WHAT IS NEEDED: The entries that follow need to be reproduced exactly, minus any images.

EXTRACTED DATA:

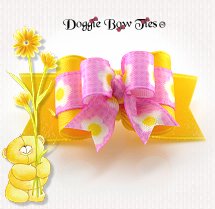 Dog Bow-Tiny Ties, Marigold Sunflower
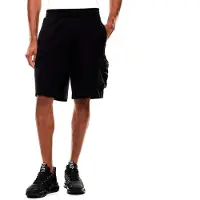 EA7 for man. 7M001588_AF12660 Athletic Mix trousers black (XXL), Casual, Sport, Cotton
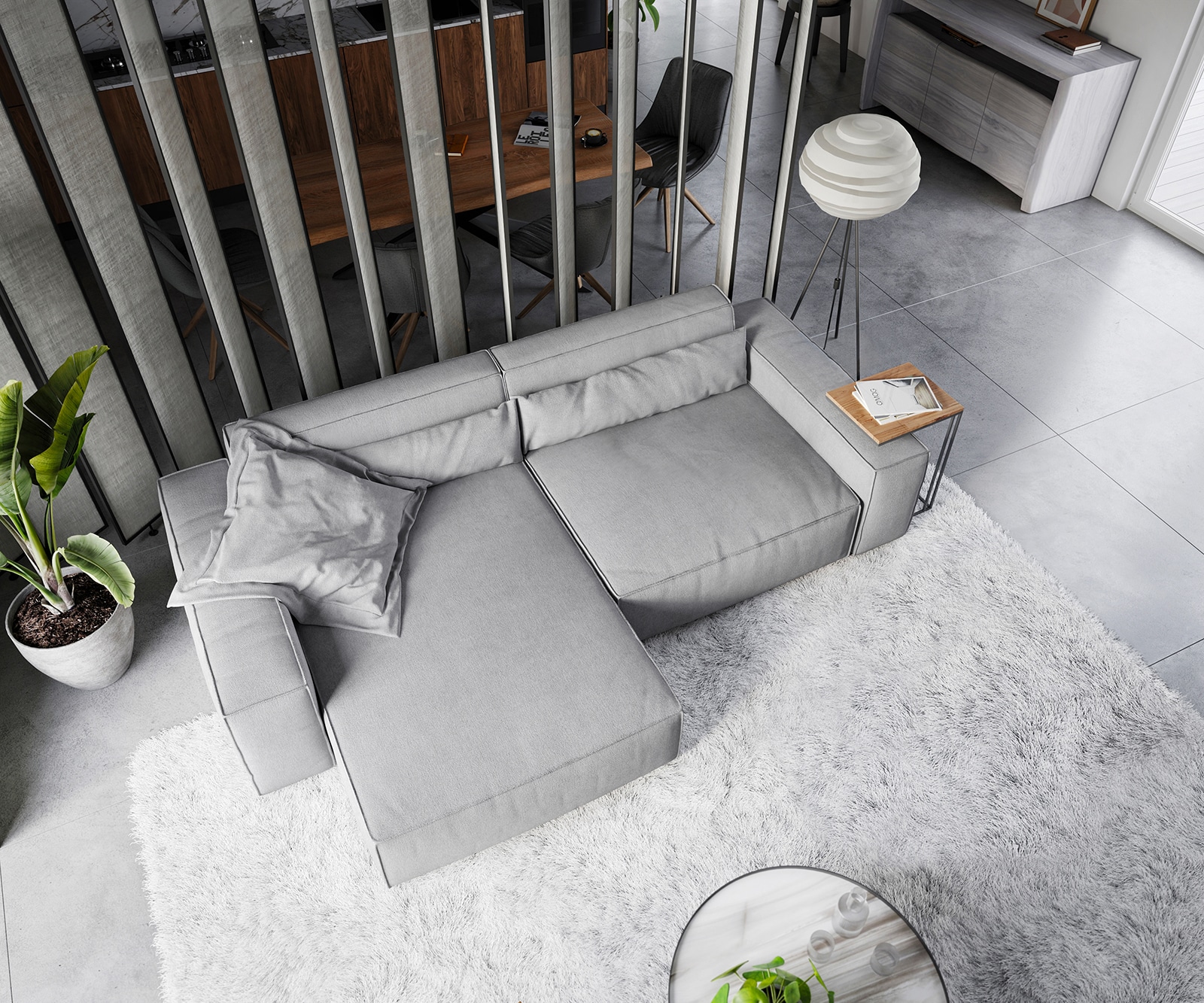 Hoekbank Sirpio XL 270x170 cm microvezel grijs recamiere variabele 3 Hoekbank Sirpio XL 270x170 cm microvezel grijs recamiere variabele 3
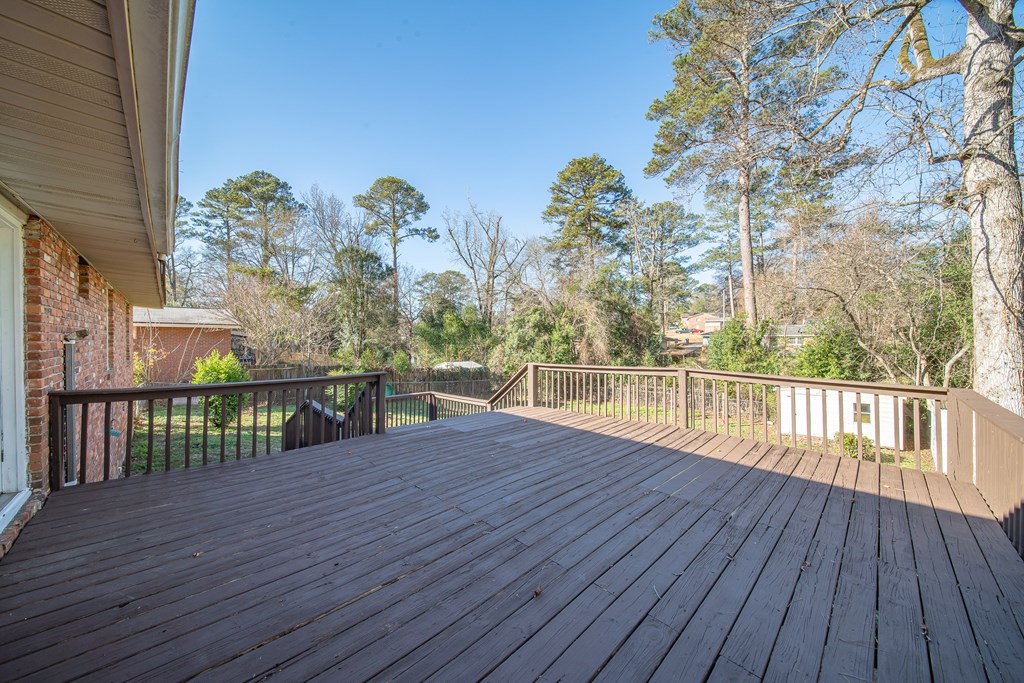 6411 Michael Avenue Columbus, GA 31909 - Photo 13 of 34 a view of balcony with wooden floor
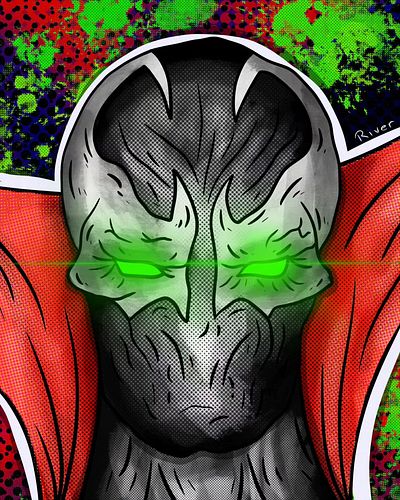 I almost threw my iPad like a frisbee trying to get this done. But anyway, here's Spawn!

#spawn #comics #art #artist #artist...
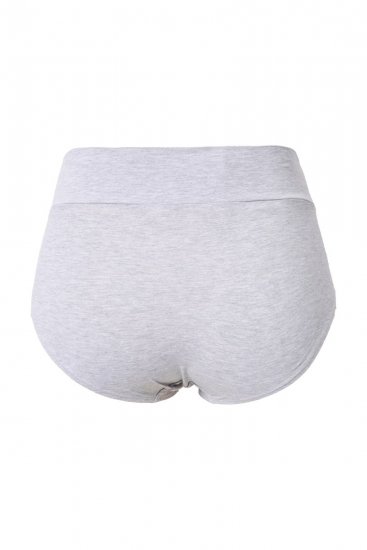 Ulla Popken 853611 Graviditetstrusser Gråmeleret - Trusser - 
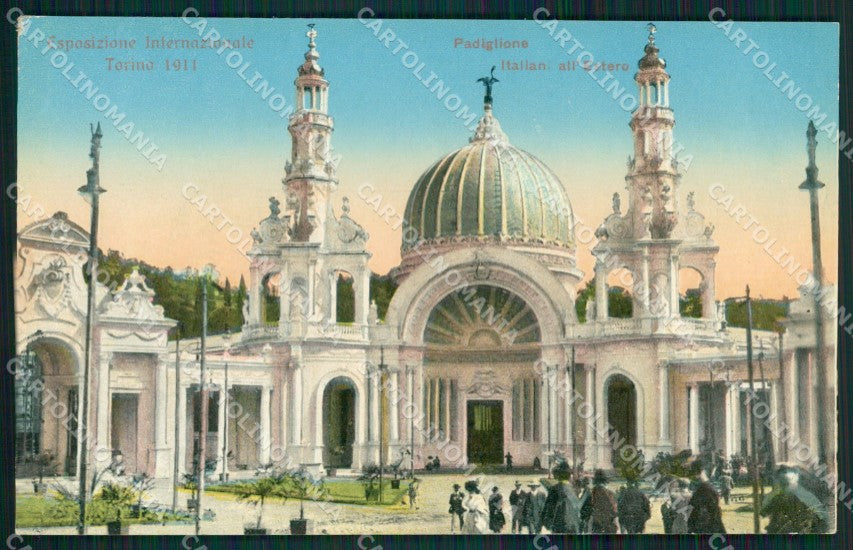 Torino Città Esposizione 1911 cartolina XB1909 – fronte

TASK RESPONSE:
 Dog Bow-Tiny Ties, Marigold Sunflower
 EA7 for man. 7M001588_AF12660 Athletic Mix trousers black (XXL), Casual, Sport, Cotton
 Hoekbank Sirpio XL 270x170 cm microvezel grijs recamiere variabele 3 Hoekbank Sirpio XL 270x170 cm microvezel grijs recamiere variabele 3
 6411 Michael Avenue Columbus, GA 31909 - Photo 13 of 34 a view of balcony with wooden floor
 I almost threw my iPad like a frisbee trying to get this done. But anyway, here's Spawn!

#spawn #comics #art #artist #artist...
 Ulla Popken 853611 Graviditetstrusser Gråmeleret - Trusser - 
 Torino Città Esposizione 1911 cartolina XB1909 – fronte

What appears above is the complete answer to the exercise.